- From: Drew McDermott <drew.mcdermott@yale.edu>
- Date: Fri, 19 Jul 2002 17:59:30 -0400 (EDT)
- To: www-rdf-logic@w3.org
> [Jonathan Borden]
> Suppose we define the infinite set of things denotes by "10" as "_:1"
>
> then (3)+(4) follow from (1)+(2)
[me]
>This is not the first time I've seen the idea that a literal might
>denote more than one thing (or a set of things, or even an infinite
>set of things).
>
>Where did this idea come from? It seems quite counterintuitive to me.
>I can't find it in the RDF(S) model theory either.
[Pat Hayes]
Its been in and out of it in various drafts. IT is a widely popular
idea, eg people write things like
Jenny ex:age "10" .
and expect that
ex:age rdfs:Range xsd: integer .
will be enough to force that literal to mean ten (not '10'). It
doesnt seem to me to be wildly unintuitive to say that a literal acts
like a name whose referent depends on the datatyping context (and
when there is no such context, it acts like an existential.)

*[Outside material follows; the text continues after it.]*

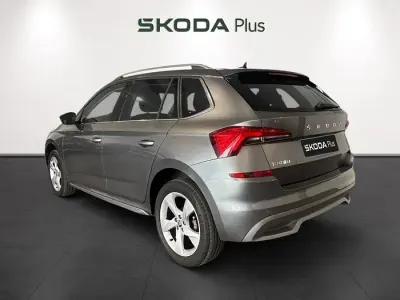 Usado Skoda Kamiq Style 110 CV (80 kW) 2022 Gris SUV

No, that's not a problem. But then a literal (occurrence) doesn't
denote an infinite set at all. The right thing to say is that there
are an infinite number of models, and a given literal occurrence could
denote something different in all of them (or something close to
that). But then the entailment in question:
<bag1> rdf:_1 "10" . (1)
<bag2> rdf:_1 "10" . (2)
|=
<bag1> rdf:_1 _:l . (3)
<bag2> rdf:_1 _:l . (4)
still doesn't work, because for any given model nothing says the two
occurrences of "10" denote the same thing. (Or so say we untidyists.)